[ACTIVITY] Set down the data below exactly; pictures stay out.

[SOURCE DATA]
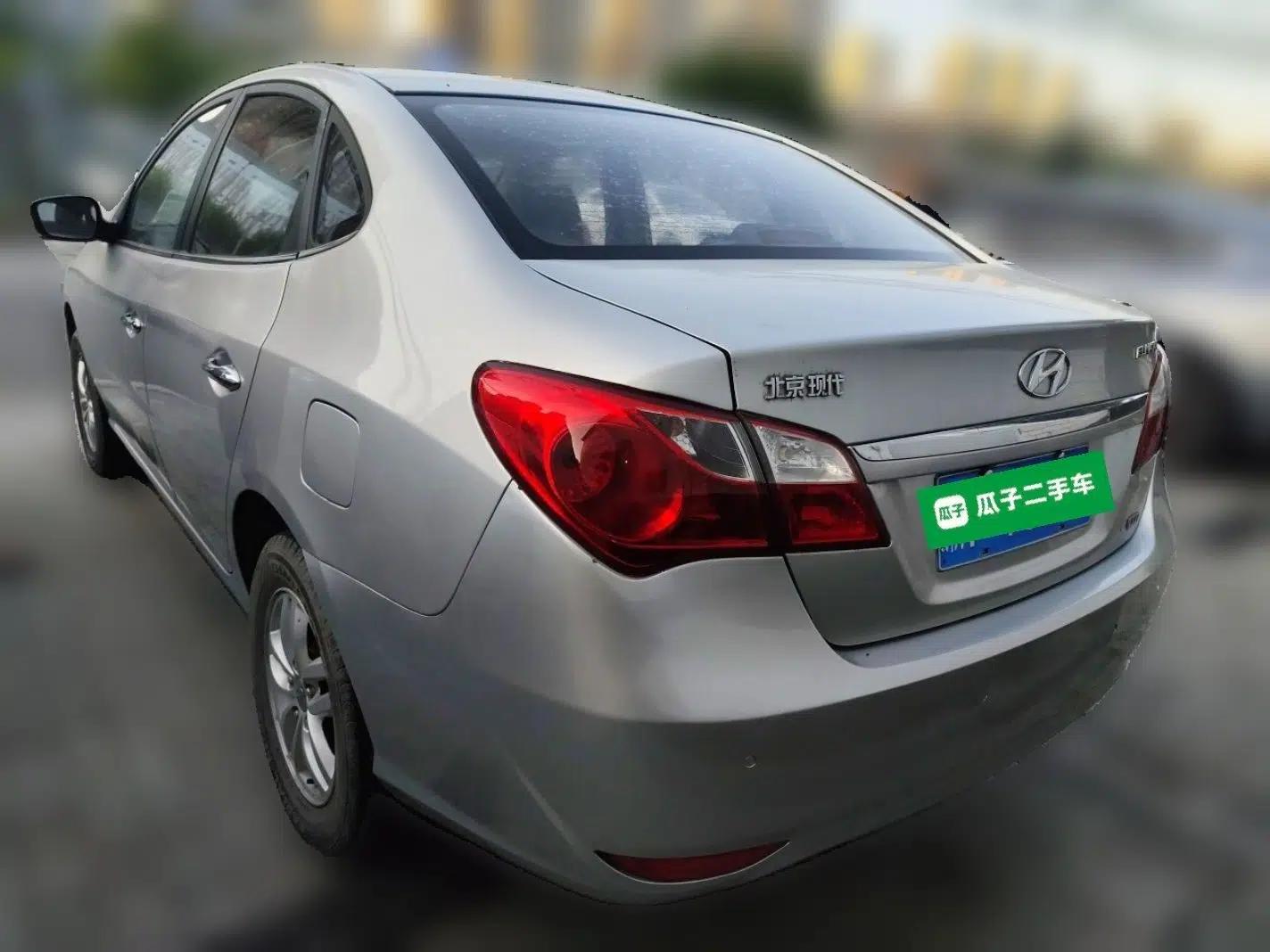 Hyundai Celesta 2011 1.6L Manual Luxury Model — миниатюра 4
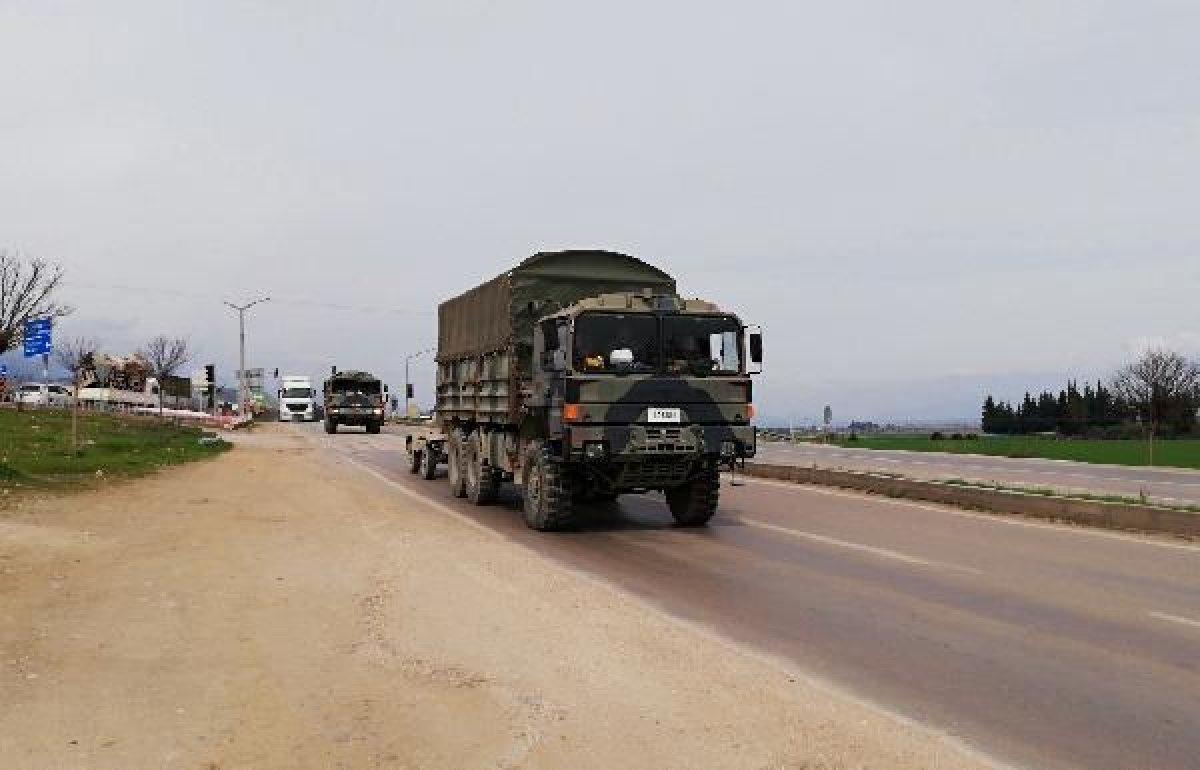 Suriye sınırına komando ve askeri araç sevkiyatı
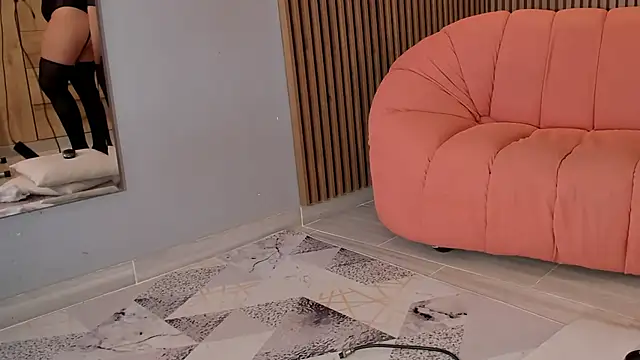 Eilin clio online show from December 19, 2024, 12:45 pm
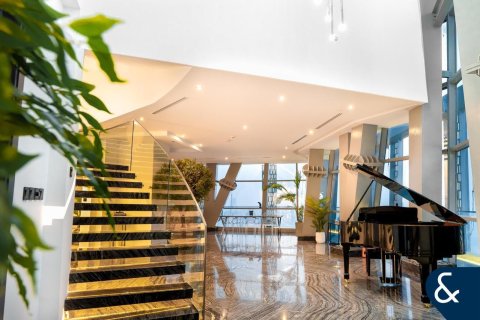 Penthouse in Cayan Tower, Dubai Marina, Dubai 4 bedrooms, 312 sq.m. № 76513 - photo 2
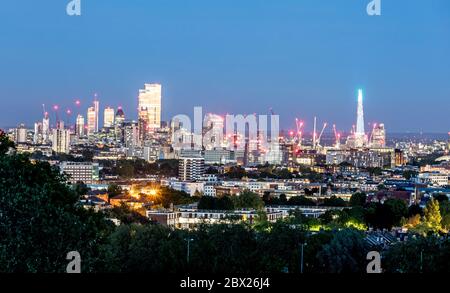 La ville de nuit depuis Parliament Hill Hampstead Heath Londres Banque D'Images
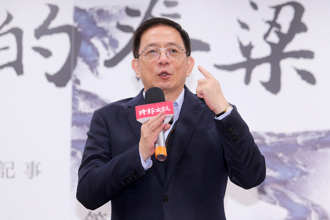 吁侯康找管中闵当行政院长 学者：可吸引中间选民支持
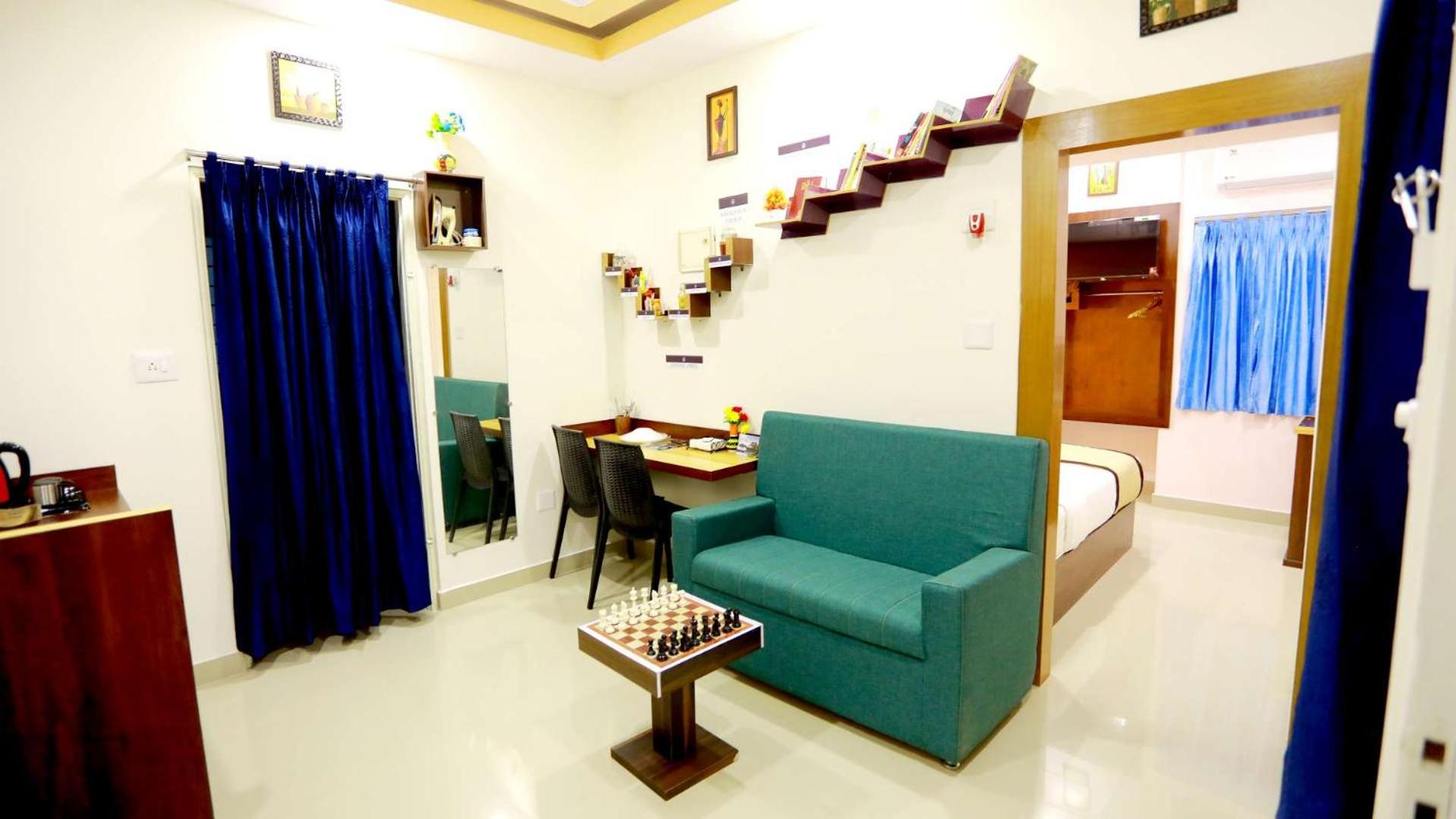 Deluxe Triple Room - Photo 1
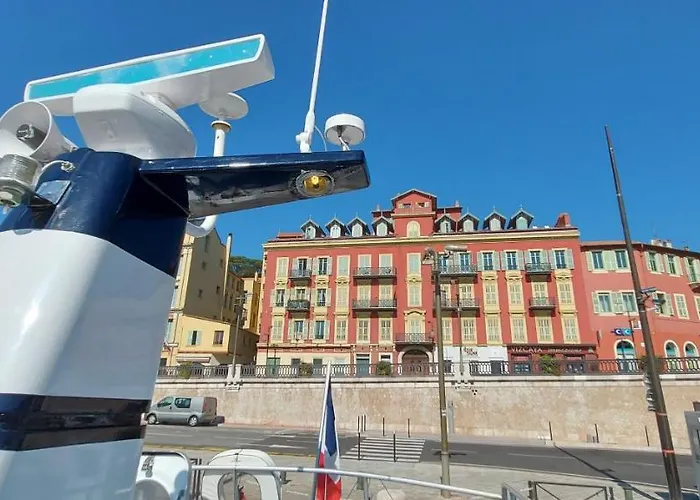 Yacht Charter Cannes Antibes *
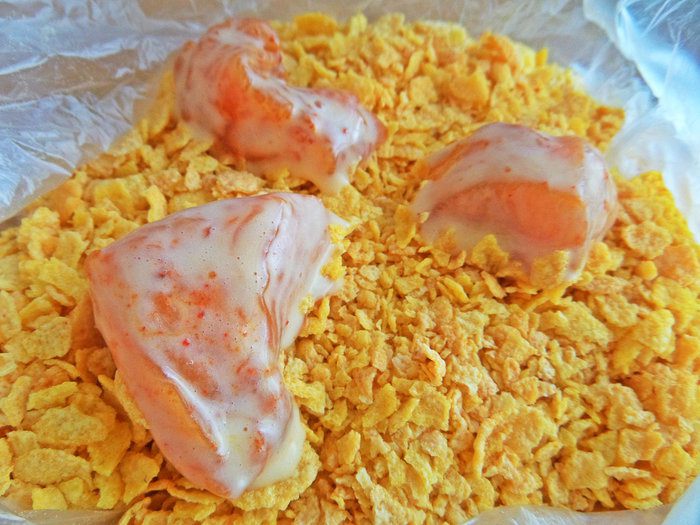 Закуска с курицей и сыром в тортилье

[OUTPUT OF THE EXERCISE]
 Hyundai Celesta 2011 1.6L Manual Luxury Model — миниатюра 4
 Suriye sınırına komando ve askeri araç sevkiyatı
 Eilin clio online show from December 19, 2024, 12:45 pm
 Penthouse in Cayan Tower, Dubai Marina, Dubai 4 bedrooms, 312 sq.m. № 76513 - photo 2
 La ville de nuit depuis Parliament Hill Hampstead Heath Londres Banque D'Images
 吁侯康找管中闵当行政院长 学者：可吸引中间选民支持
 Deluxe Triple Room - Photo 1
 Yacht Charter Cannes Antibes *
 Закуска с курицей и сыром в тортилье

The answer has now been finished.